[Stored data entries]
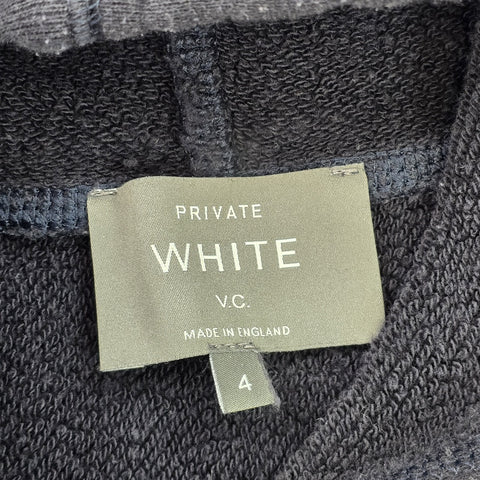 Private White V.C. Spellout Embroidered Hoodie Blue Men's Size 4 Medium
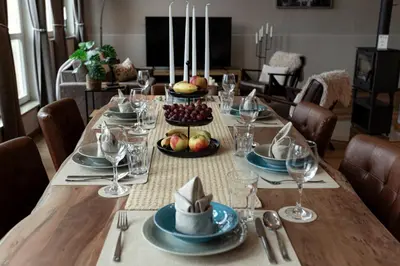 Essen in der Ferienwohnung oder in der Nähe
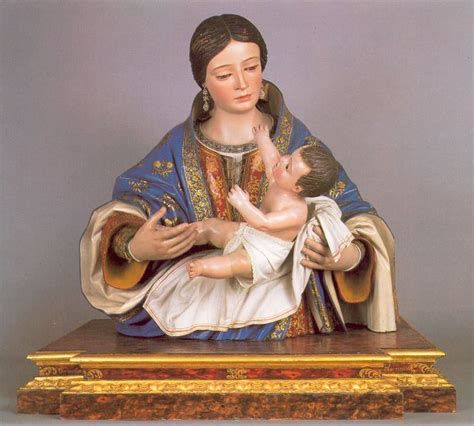 Virgen de Belén, detalle de la maternidad barroca
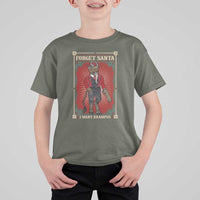 Funny Christmas T Shirt For Kid Forget Santa I Want Krampus - Wonder Print Shop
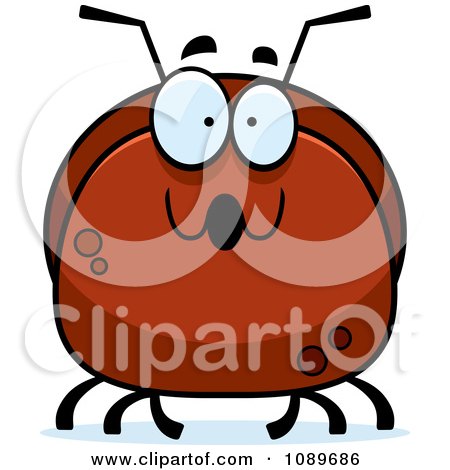 Clipart Pudgy Surprised Ant - Royalty Free Vector Illustration by Cory Thoman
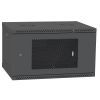Шкаф настенный Ipcom 4U, 600*350, перфорация, RAL9005 (СН-4U-060х035-ДП-9005)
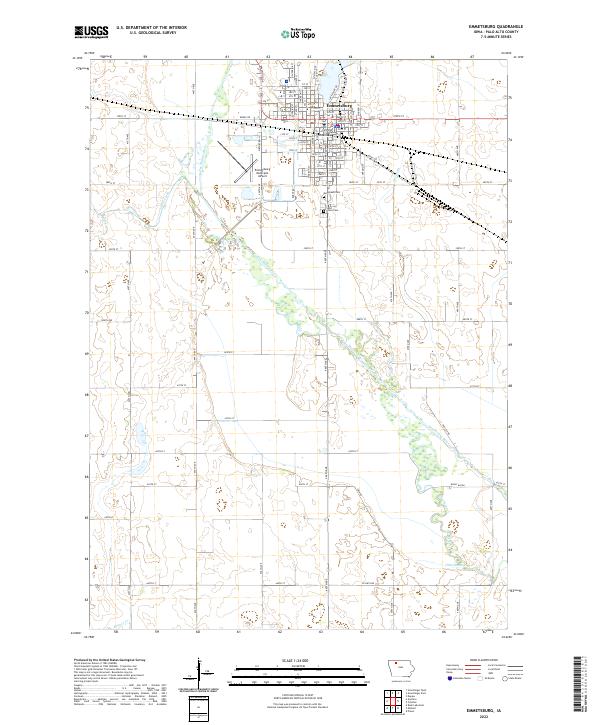 Emmetsburg, IA — USGS 7.5-minute topo (2022)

■ **About this task**:
An exact copy of every entry, minus the pictures, is what you should return.

■ **Expected output**:
 Private White V.C. Spellout Embroidered Hoodie Blue Men's Size 4 Medium
 Essen in der Ferienwohnung oder in der Nähe
 Virgen de Belén, detalle de la maternidad barroca
 Funny Christmas T Shirt For Kid Forget Santa I Want Krampus - Wonder Print Shop
 Clipart Pudgy Surprised Ant - Royalty Free Vector Illustration by Cory Thoman
Шкаф настенный Ipcom 4U, 600*350, перфорация, RAL9005 (СН-4U-060х035-ДП-9005)
 Emmetsburg, IA — USGS 7.5-minute topo (2022)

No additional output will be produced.